Letter from Robert Carter, John Lightfoot , and Philip Ludwell
to the House of Burgesses, [May 5, 1705]

-1 -

[Williamsburg, Virginia]

[May 5, 1705]

To Speaker and Gentlemen of
the House of Burgesses

     You have not thought fitt, to Admitt us Personally to give You our reasons agt. your intermeddling
wth: the Complaints &c, against his Excellcy: which he hath laid before you. We have put some few of them in
Writing, wch: we here send You, and we desire your Serious Consideration of before you proceed to any
determination in that Affair. We are

Gent.
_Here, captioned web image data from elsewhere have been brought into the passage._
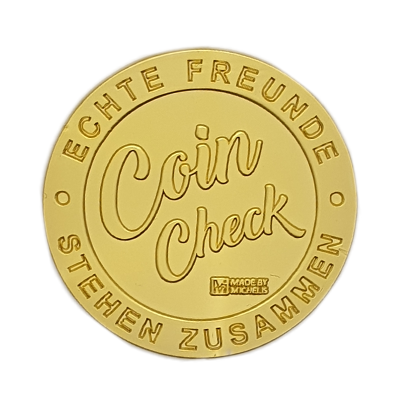 Coin-Check Münze Farbe: vergoldet Coin-Check Münze Farbe: vergoldet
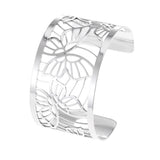 Cremo Butterfly Stainless Steel Cuff Leather Bracelet Women DIY Wide Bangle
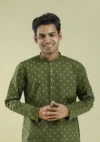 Nawab Parker Clean White Motif Print Kurta Pajama for Men half front view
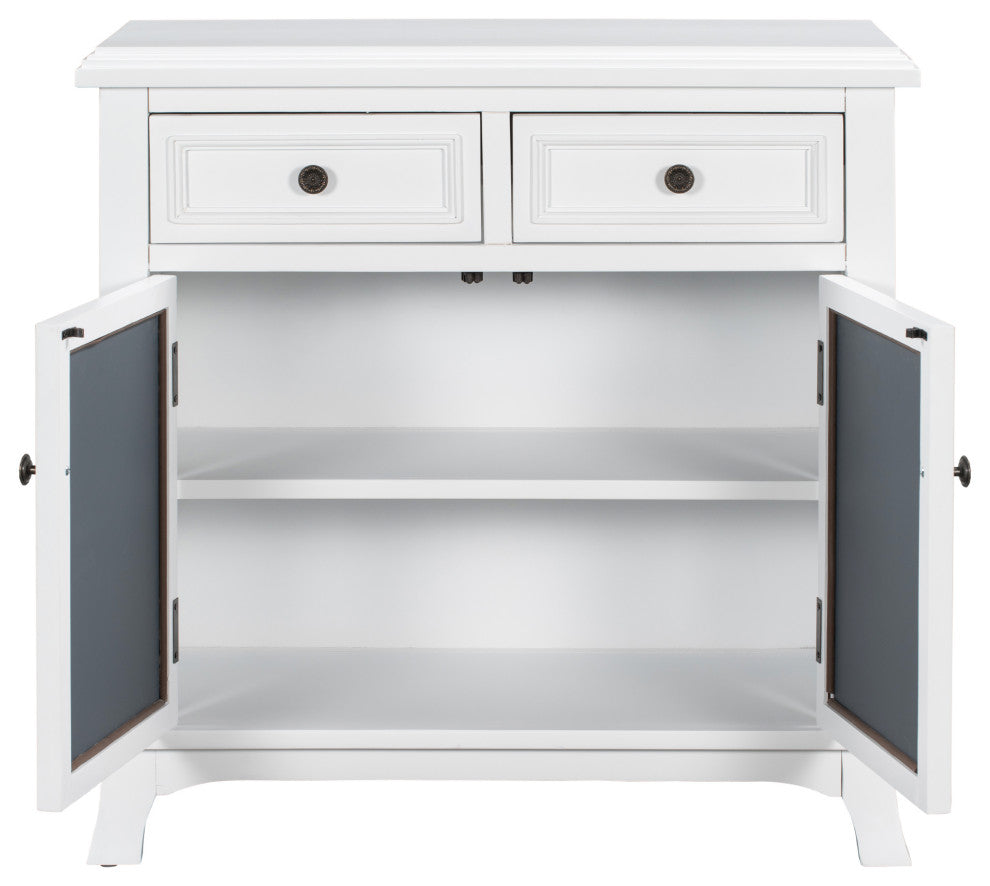 Wood Double Door Accent Cabinet with 2 Drawers, White, 30'' X 14''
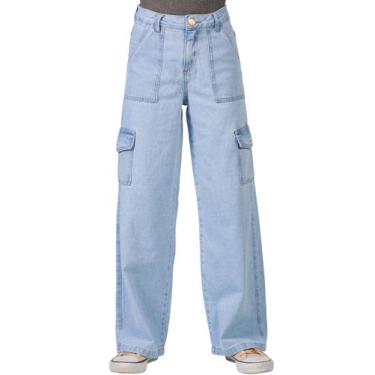 Imagem de Calça Jeans Wide Leg Infantil Cargo de Menina Juvenil - Ewg Moda Infan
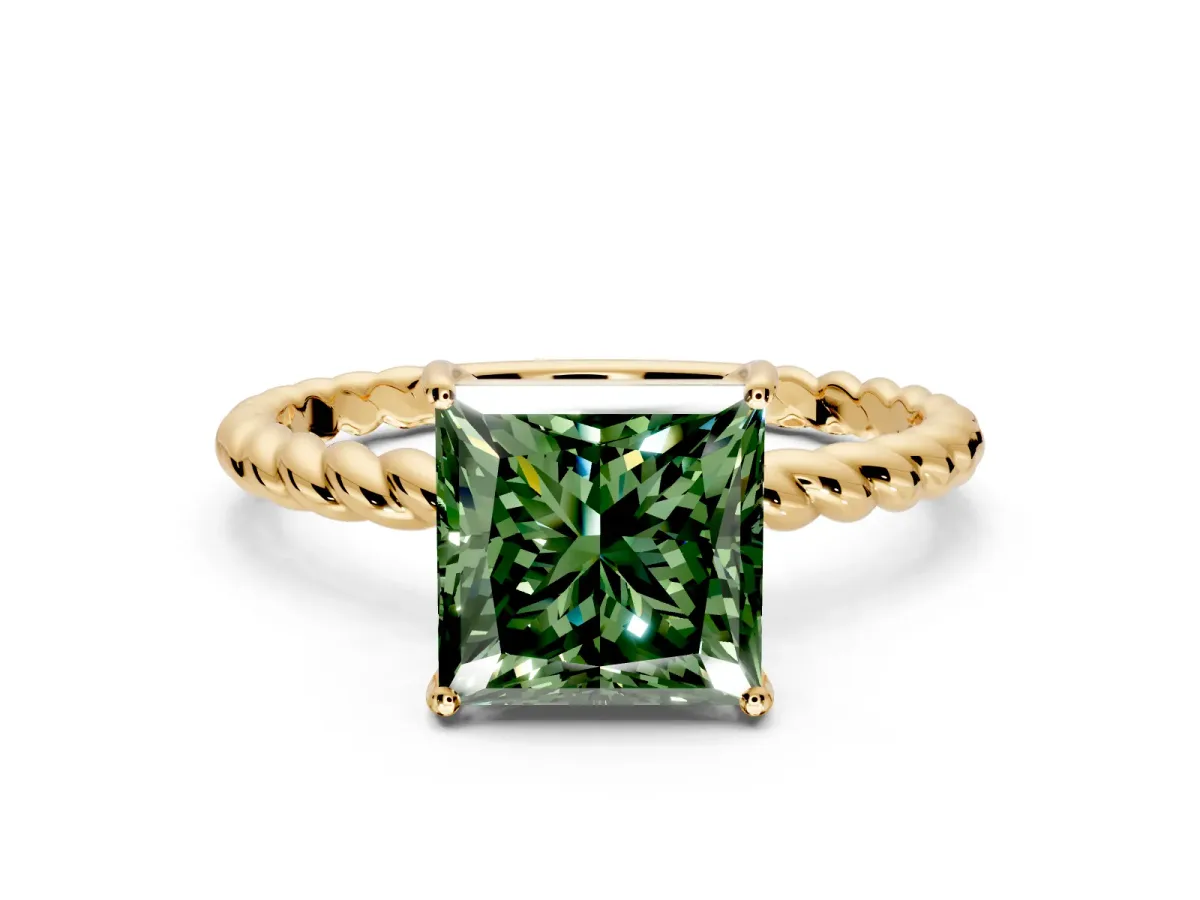 Solitaire Engagement Ring Setting for Fancy Green Princess Cut Center with Plain Twisted Rope Band and Prong Head in Yellow Gold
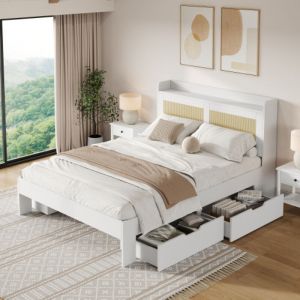 Lit adulte 140x200 cm, lit double avec d&eacute;cor en rotin, tiroirs et espace de rangement, blanc, sans matelas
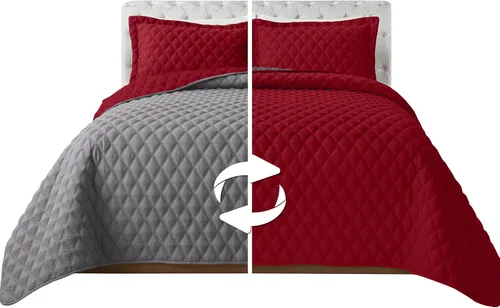 Miniatura 10 de Elegant Comfort Juego de colcha reversible acolchada de 3 piezas con fundas de almohada, exquisitas costuras de diamante para todas las estaciones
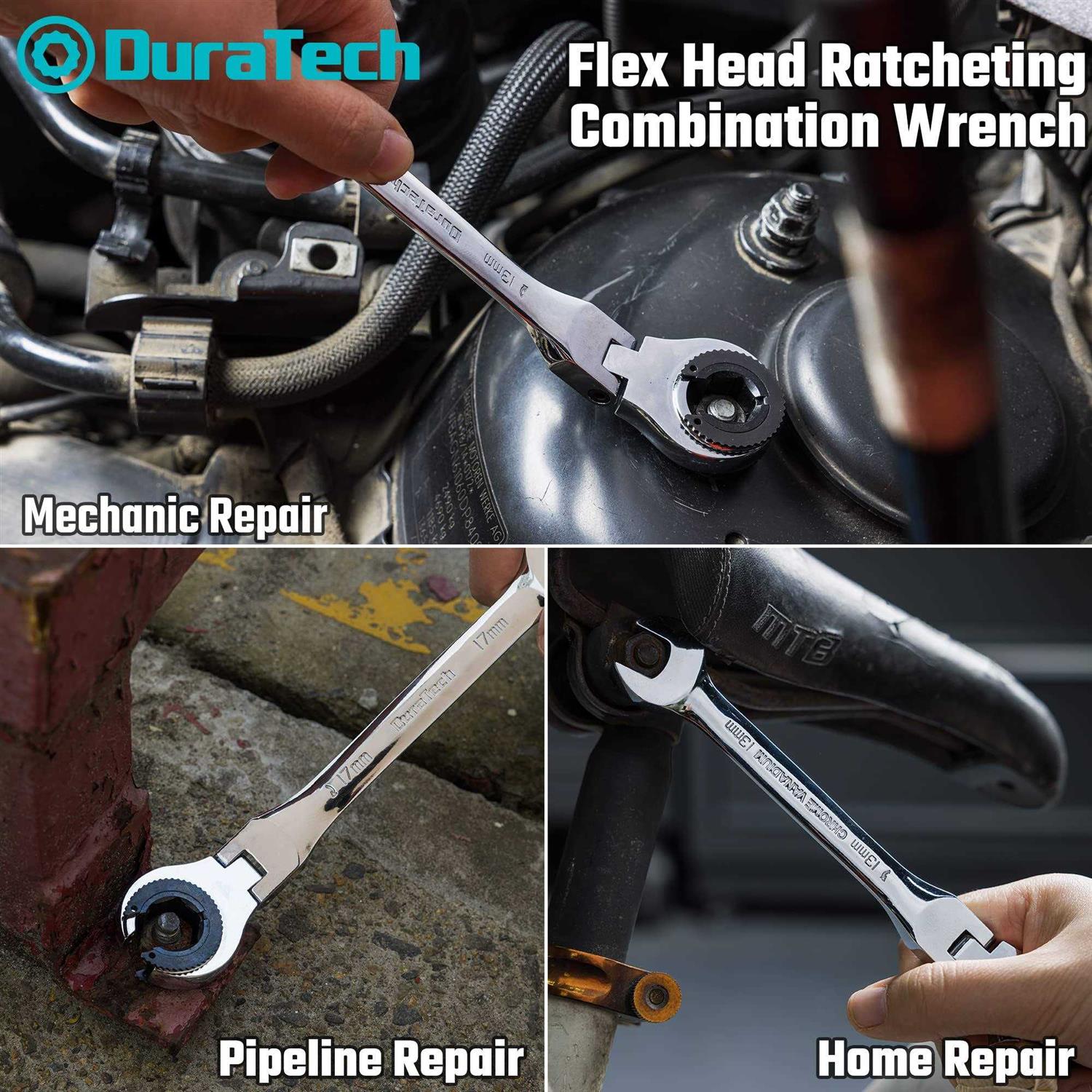 DURATECH 6-Piece Ratcheting Wrench Set with Open Flex-head Metric Ratcheting Tubing Wrench Set - Shop Hardware Tools Online Store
Yor. most humble Servants

-- --

Directed on the Back

the Speaker & Gentlemen of
the House of Burgessess
-- --
-- --

Reasons offered by John Lightfoot, Robert Carter & Philip Ludwell Esqrs. agt.
the makeing any Determination by the House of Burgesses upon the
Complaint & Affidavits against his Excellcy. --

  1st     That the Complaint was made by the Greater part of the Councill then in being who had given their
  attendance upon the publick affairs & were both Eye & Ear witnesses of the mismanagements. there, &
  therefore they were the most proper persons & the most likely to make a true representation thereof. &
  Since her Majesty hath been pleased to appoint them of the Councill , & thereby hath made it their proper
  Province to give the best advice they can for preserving her Majestys Interest & the peace & welfare of
  her Subjects here; they take it to be a duty incumbent upon them in Case of the Mal-Administration of
  a Governr. to apply themselves to their Sovereign for Redress, & this they think they have a right
  to doe without being lyable to any Censure but that of her Majesty. And they think that both her Majestys
  Service & this Countries interest will be greatly promoted thereby.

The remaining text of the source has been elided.